#### Problem
A verbatim copy of all the data is required; the pictures should not appear in it.
*** Provided material Section Begins ***
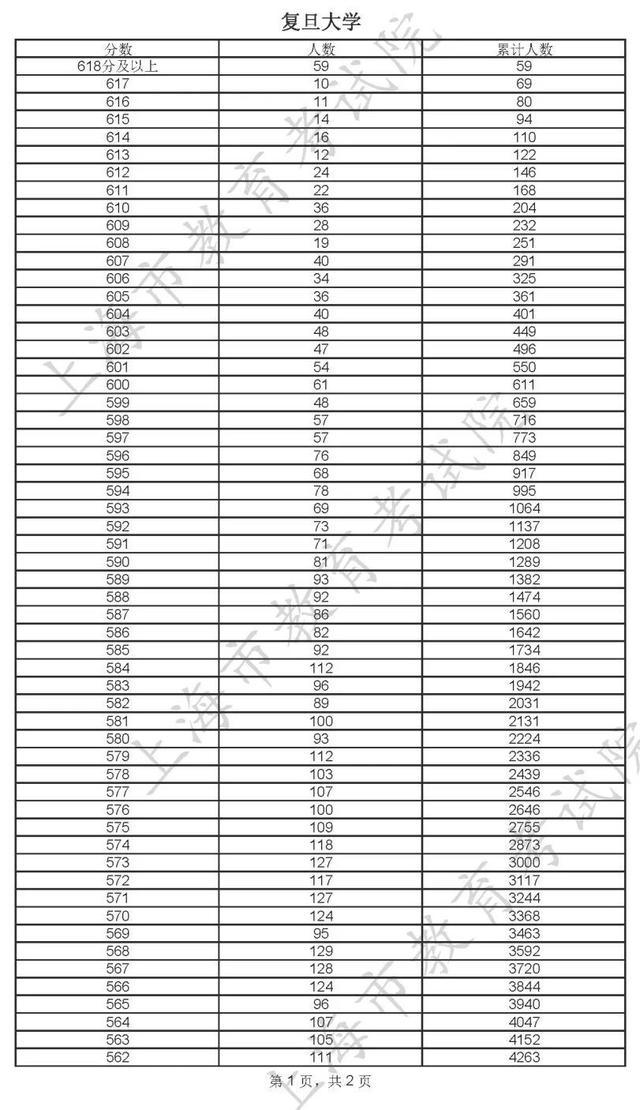 400分！2022年上海市普通高校秋季招生本科各批次录取控制分数线确定→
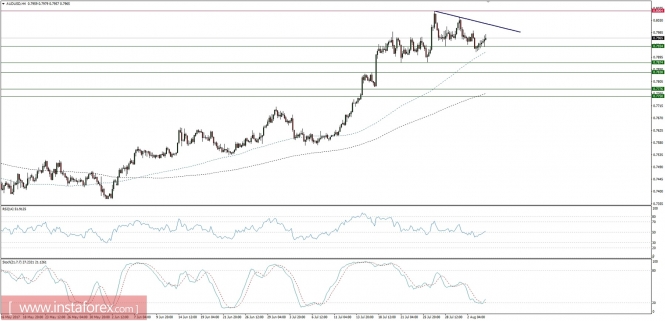 Global macro overview for 04/08/2017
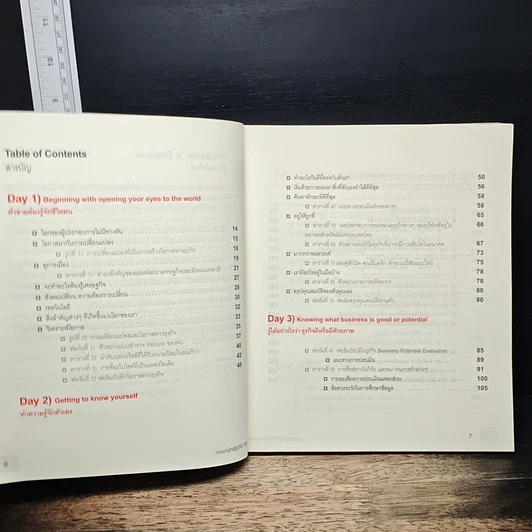 หนังสือ Find your own Business in 7 Days ค้นหาธุรกิจของตัวเองใน 7 วัน รูปที่ 7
*** Provided material Section Ends ***
#### Output for this exercise
 400分！2022年上海市普通高校秋季招生本科各批次录取控制分数线确定→
 Global macro overview for 04/08/2017
 หนังสือ Find your own Business in 7 Days ค้นหาธุรกิจของตัวเองใน 7 วัน รูปที่ 7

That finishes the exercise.